→ **Work order**: Your task is to reproduce the entries below word for word.

__________________________________________________

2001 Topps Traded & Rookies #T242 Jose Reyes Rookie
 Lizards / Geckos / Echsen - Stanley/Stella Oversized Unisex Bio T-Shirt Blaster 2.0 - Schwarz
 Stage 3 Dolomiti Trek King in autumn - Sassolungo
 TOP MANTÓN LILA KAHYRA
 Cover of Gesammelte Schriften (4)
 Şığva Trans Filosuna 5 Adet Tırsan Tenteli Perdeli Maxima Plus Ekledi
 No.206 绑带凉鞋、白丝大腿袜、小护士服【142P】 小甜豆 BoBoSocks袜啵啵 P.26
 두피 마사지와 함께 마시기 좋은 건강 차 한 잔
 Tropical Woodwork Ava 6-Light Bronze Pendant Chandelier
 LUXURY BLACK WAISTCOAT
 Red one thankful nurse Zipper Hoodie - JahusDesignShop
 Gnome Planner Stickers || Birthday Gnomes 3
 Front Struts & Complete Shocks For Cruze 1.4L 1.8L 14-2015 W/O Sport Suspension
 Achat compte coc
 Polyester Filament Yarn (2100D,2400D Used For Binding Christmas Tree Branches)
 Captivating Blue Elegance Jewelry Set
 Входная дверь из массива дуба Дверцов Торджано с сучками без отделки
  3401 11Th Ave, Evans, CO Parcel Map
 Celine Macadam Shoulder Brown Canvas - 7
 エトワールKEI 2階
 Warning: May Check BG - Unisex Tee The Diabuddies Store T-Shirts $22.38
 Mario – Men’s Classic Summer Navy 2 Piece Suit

__________________________________________________

→ **Answer below**:
2001 Topps Traded & Rookies #T242 Jose Reyes Rookie
 Lizards / Geckos / Echsen - Stanley/Stella Oversized Unisex Bio T-Shirt Blaster 2.0 - Schwarz
 Stage 3 Dolomiti Trek King in autumn - Sassolungo
 TOP MANTÓN LILA KAHYRA
 Cover of Gesammelte Schriften (4)
 Şığva Trans Filosuna 5 Adet Tırsan Tenteli Perdeli Maxima Plus Ekledi
 No.206 绑带凉鞋、白丝大腿袜、小护士服【142P】 小甜豆 BoBoSocks袜啵啵 P.26
 두피 마사지와 함께 마시기 좋은 건강 차 한 잔
 Tropical Woodwork Ava 6-Light Bronze Pendant Chandelier
 LUXURY BLACK WAISTCOAT
 Red one thankful nurse Zipper Hoodie - JahusDesignShop
 Gnome Planner Stickers || Birthday Gnomes 3
 Front Struts & Complete Shocks For Cruze 1.4L 1.8L 14-2015 W/O Sport Suspension
 Achat compte coc
 Polyester Filament Yarn (2100D,2400D Used For Binding Christmas Tree Branches)
 Captivating Blue Elegance Jewelry Set
 Входная дверь из массива дуба Дверцов Торджано с сучками без отделки
  3401 11Th Ave, Evans, CO Parcel Map
 Celine Macadam Shoulder Brown Canvas - 7
 エトワールKEI 2階
 Warning: May Check BG - Unisex Tee The Diabuddies Store T-Shirts $22.38
 Mario – Men’s Classic Summer Navy 2 Piece Suit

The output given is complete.